Perto dali, o Elinga Teatro é o local onde tem arte, moda e entretenimento para todas as vontades. No terraço, cheio de bares e cores, as noites de sexta e sábado são animadas por DJs. O prédio, com heranças do século XVIII, guarda, no segundo andar, peças assinadas pelo estilista Muamby Wasaky. Entre trabalhos que alinham cores a padrões, a coleção é aberta à visitação. No bairro de Matumba, o Elinga está no coração de Luanda. No seu entorno, desde o fim da guerra, um enorme estaleiro transforma a configuração física da cidade e a relação dos moradores com a mesma.

No estilo art nouveau, o Cine Teatro Nacional está cravado na baixa luandense e sedia a Associação Cultural Chá de Caxinde.

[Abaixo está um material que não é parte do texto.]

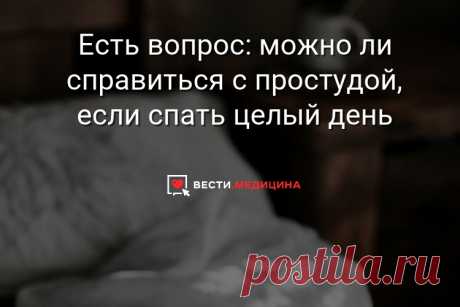 Есть вопрос: можно ли справиться с простудой, если спать целый день Если сон и правда так хорош в смысле избавления от простуды, не значит ли это, что, почувствовав малейшее недомогание, стоит лечь в кровать и проспать примерно 24 часа?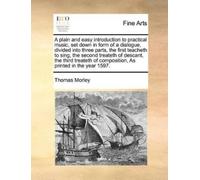 Thomas Morley A Plain and Easy Introduction to Practical Music, Set (Tascabile)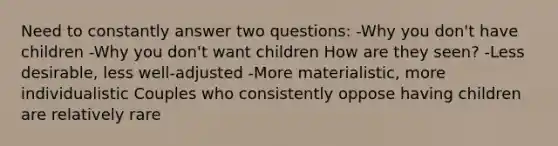 Need to constantly answer two questions: -Why you don't have children -Why you don't want children How are they seen? -Less desirable, less well-adjusted -More materialistic, more individualistic Couples who consistently oppose having children are relatively rare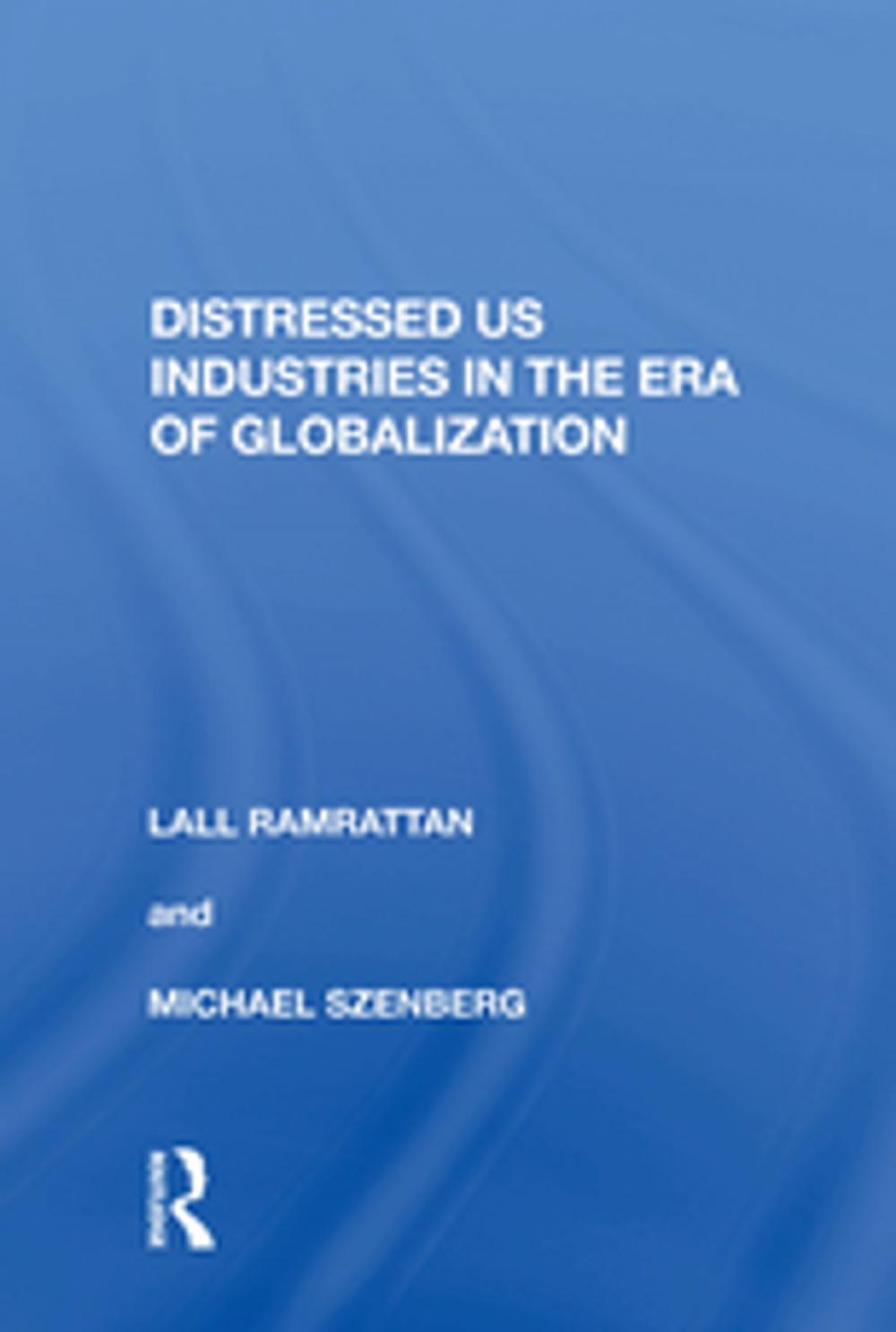 Big bigCover of Distressed US Industries in the Era of Globalization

Patrimônio Histórico e Cultural de Angola, o espaço foi inaugurado em 1932 para receber músicos angolanos e estrangeiros. Hoje, é palco para atividades como teatro, dança e, acredite, desfiles carnavalescos.

Na nova Marginal de Luanda, o memorial dr. António Agostinho Neto homenageia o primeiro presidente angolano, com sarcófago, centro cultural e museu.

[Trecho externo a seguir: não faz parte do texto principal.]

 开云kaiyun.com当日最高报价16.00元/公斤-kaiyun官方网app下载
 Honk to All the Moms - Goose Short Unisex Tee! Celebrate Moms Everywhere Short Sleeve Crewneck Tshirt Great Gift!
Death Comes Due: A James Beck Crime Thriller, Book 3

O sol insiste em brilhar no céu rosado de Luanda. Os dias são sempre de calor, banhos de mar, refrescantes mergulhos, uma ou outra emoção. Este é sonho dos 20 milhões de angolanos e de turistas que buscam o mar.

Na praia de Cabuledo, é possível surfar ou apenas contemplar as belezas de seu entorno. A vista do Rio Kwanza é privilégio da Barra do Kwanza, perto da Ilha de Mussulo, onde dia e noite parecem uma coisa só pelas festas ao estilo sunset. Uma das sete maravilhas naturais de Angola, a pequena ilha contrasta com o restante de Luanda, habitada pela rotina das grandes cidades. Também conhecida como Ilha de Massula, é um dos principais destinos para as férias, seja pela calmaria das praias de areia dourada ou pelos bares badalados, que servem peixes e frutos do mar, além de drinques com frutas tropicais, ao som de DJs. A dez minutos de barco de Luanda, a ilhota oferece ainda atividades ao ar livre, especialmente esportes marítimos, como mergulho e windsurfe.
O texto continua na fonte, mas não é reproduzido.